__Available records__:
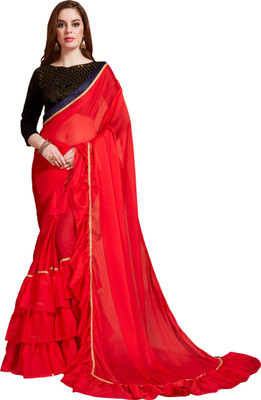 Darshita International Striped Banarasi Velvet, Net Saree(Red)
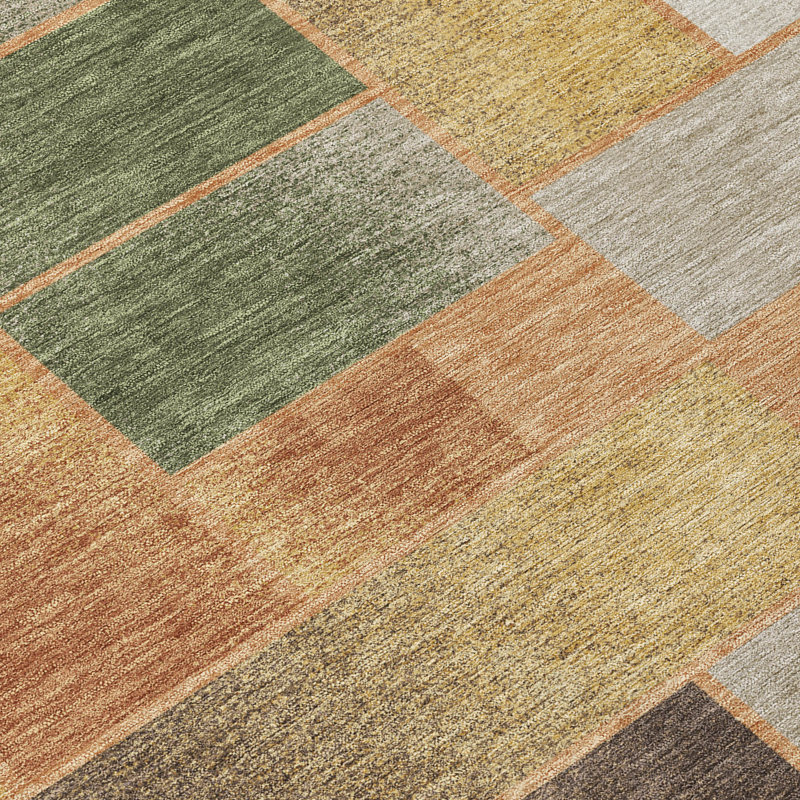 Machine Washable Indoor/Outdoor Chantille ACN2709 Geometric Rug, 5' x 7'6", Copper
==
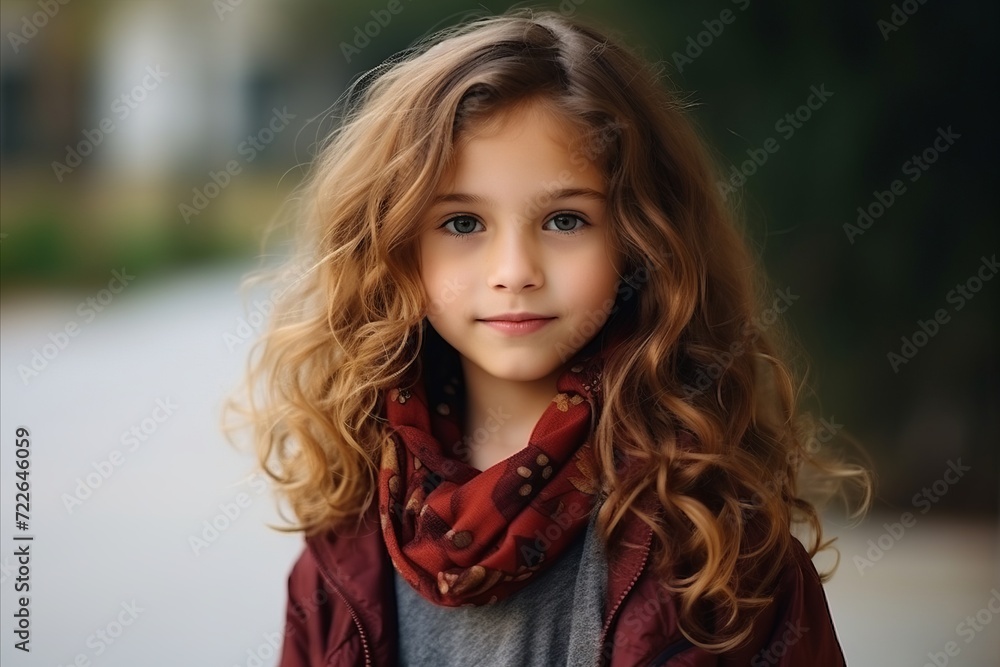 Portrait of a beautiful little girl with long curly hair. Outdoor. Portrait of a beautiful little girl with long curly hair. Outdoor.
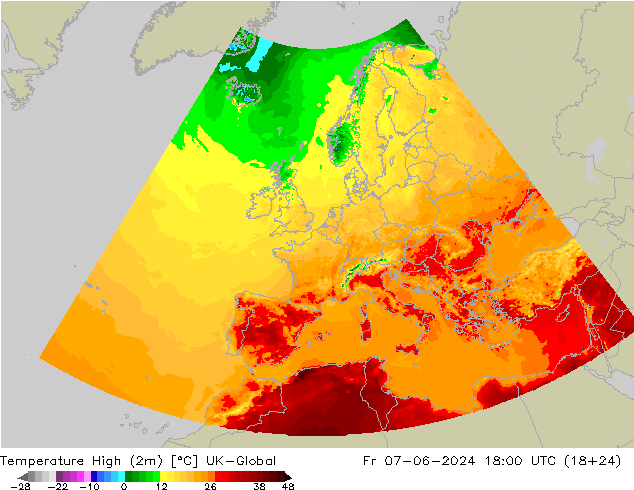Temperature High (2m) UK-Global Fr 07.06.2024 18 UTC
==
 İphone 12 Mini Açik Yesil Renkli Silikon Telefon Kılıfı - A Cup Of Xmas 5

__Directions for this task__: Output only the lines above from the one containing "Darshita International Striped" to the one containing "Machine Washable Indoor/Outdoor", both included, exactly as written and with no pictures.

__Response below__:
 Darshita International Striped Banarasi Velvet, Net Saree(Red)
 Machine Washable Indoor/Outdoor Chantille ACN2709 Geometric Rug, 5' x 7'6", Copper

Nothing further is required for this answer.